Possibly drawing on the experience of Jerusalem’s being laid waste by the Romans in 70 AD, the New Testament does not spare the reader the lurid details of that catastrophic incident. Jesus himself predicts that even the magnificent temple will be reduced to rubble so that not even one stone will rest upon another stone. The tragic occurrences will be widespread: “Nation will rise against nation, and kingdom against kingdom. There will be powerful earthquakes, famines, and plagues from place to place; and awesome sights and mighty signs will come from the sky.” The end times are not pictured as a happy conclusion to salvation history.

Perhaps because of these dire Biblical warnings, the end of the world does not figure very readily into popular Catholic piety. Catholics and many other Christians profess Sunday after Sunday that Jesus Christ “… will come again in glory to judge the living and the dead. …” establishing finally his kingdom of which there will be no end. Yet the prospect of this universal termination, while weekly professed in church, is rarely acknowledged in daily life.

There was a certain amount of hubbub as the 20th century passed into the 21st century. Y2K was all the talk, and there had been much commotion as the first Christian millennium prepared to cede to the second Christian millennium in 1100 AD. St. Peter Damian had all of Europe in an uproar. Some sectarian brothers and sisters in the present day await the end-times on remote mountaintops or in secluded wildernesses. But most Catholics, even devout Catholics, rarely give a thought to the second coming of Jesus and to the conclusion of history. Yet the end of the world is a revealed truth that God certainly intended for the edification of believers and not merely for their trepidation. The end of the world promises benefits as well as blame.

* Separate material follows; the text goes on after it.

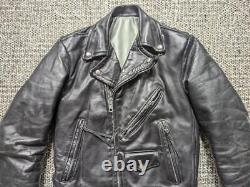 Vintage 1950s leather MOTORCYCLE jacket S black 36-38 custom harley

The Hebrew Scriptures anticipate the words of the New Testament by their early prediction of the end-times. The prophet Joel writes, “Lo, the day is coming, blazing like an oven, when all the proud and all evildoers will be stubble, and the day that is coming will set them on fire, leaving them neither root nor branch, says the Lord of hosts. But for you who fear my name, there will arise the sun of justice with its healing rays.” It is Joel’s forecast that the “Sun of Justice” will arise on that last day that should peak the reader’s interest. This sun will set all the activities of the previous centuries and millennia in their proper perspective. The justice that was so often lacking on this side of eternity will finally and solemnly be rendered by Christ himself as supreme judge.

The medieval scholastics readily argued that a God who was truth itself could not let history dissolve without setting the record straight on all of human activity. Those who suffered in silence but in faith would be fittingly acknowledged before the assembled heavenly court. Those who sinned grievously and unrepentantly would receive the scorn that their deeds have earned them. Secrets would be laid bare and idle boasts would be exposed as the shams that they were. The justice of God would triumph over the imbalances of history. Indeed the lowly would be raised up and the mighty would be cast down, as the prophetic words of the Virgin Mary visualized the final work of God.

God who is truth must see that justice is done. He will render to each one his due. Remember that self-pity is not the only reason that believers and other people sometimes feel put upon, cheated, or duped in this world. There are some legitimate gripes. Mankind has an innate sense of justice, somewhat flawed due to original sin but nonetheless reflective of the natural law and the moral law which reflect the divine law that is in God himself. This native sense of justice can lead mankind to hope that there will come a day when God, who is justice itself, will heal every wound and reveal all pretense. God will indeed set things straight; he will indeed rectify injustices and eliminate unfair advantages. In the end, justice will triumph and truth will be celebrated before every assembled creature – for weal or woe.